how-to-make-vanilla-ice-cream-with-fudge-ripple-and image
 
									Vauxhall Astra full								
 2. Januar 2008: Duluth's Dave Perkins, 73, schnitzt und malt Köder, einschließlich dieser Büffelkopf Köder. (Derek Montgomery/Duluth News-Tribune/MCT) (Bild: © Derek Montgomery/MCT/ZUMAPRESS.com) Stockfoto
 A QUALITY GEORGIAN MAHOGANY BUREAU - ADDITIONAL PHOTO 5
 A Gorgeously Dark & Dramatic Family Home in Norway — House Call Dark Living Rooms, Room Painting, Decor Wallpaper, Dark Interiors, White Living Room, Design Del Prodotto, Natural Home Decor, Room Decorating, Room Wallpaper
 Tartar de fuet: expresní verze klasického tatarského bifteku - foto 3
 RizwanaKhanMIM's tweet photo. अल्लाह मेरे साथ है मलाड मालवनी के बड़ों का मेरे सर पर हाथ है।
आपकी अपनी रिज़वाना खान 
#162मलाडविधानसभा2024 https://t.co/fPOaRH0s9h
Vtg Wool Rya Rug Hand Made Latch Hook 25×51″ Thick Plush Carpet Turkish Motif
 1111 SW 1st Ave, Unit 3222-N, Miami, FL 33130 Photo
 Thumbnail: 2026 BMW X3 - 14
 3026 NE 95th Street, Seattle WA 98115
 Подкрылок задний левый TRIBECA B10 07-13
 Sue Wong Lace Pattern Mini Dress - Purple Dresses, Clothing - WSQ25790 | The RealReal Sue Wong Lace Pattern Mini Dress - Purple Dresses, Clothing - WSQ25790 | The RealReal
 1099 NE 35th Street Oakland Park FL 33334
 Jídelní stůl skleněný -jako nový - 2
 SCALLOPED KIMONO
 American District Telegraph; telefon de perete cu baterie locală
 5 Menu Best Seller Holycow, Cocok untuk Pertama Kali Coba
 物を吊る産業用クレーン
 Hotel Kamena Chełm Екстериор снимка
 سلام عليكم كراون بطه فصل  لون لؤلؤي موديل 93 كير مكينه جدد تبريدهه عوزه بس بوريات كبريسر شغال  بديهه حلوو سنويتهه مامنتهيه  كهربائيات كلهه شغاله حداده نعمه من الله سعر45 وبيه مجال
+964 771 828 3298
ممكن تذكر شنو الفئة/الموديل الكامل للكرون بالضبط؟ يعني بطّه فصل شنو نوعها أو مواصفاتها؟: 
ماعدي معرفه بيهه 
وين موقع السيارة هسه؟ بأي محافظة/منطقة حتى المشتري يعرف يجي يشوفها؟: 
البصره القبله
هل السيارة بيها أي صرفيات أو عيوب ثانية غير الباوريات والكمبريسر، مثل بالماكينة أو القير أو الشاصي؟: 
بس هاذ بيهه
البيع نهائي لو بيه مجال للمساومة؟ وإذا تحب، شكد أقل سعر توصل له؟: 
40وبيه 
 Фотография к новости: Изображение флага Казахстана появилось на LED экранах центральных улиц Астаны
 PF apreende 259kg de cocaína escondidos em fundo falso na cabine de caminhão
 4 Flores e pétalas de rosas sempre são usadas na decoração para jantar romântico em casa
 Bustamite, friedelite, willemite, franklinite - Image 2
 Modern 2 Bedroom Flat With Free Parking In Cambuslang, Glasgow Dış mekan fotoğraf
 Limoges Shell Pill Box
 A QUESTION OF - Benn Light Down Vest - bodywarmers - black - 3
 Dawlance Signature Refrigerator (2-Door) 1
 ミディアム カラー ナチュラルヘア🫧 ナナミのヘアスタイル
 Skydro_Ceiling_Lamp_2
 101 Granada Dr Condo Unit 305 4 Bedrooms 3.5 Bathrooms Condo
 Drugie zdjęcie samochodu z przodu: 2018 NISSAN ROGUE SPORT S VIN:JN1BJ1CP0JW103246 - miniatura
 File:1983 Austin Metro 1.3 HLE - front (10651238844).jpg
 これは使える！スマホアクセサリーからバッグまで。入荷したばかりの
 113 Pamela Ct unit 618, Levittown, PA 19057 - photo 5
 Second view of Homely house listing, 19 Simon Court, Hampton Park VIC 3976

● ● ● ● ●

Requirement = Please give back exactly the lines of the listing above that run from the one containing "هل السيارة بيها" through the one containing "4 Flores e pétalas", and only those.

Exercise answer =
هل السيارة بيها أي صرفيات أو عيوب ثانية غير الباوريات والكمبريسر، مثل بالماكينة أو القير أو الشاصي؟: 
بس هاذ بيهه
البيع نهائي لو بيه مجال للمساومة؟ وإذا تحب، شكد أقل سعر توصل له؟: 
40وبيه 
 Фотография к новости: Изображение флага Казахстана появилось на LED экранах центральных улиц Астаны
 PF apreende 259kg de cocaína escondidos em fundo falso na cabine de caminhão
 4 Flores e pétalas de rosas sempre são usadas na decoração para jantar romântico em casa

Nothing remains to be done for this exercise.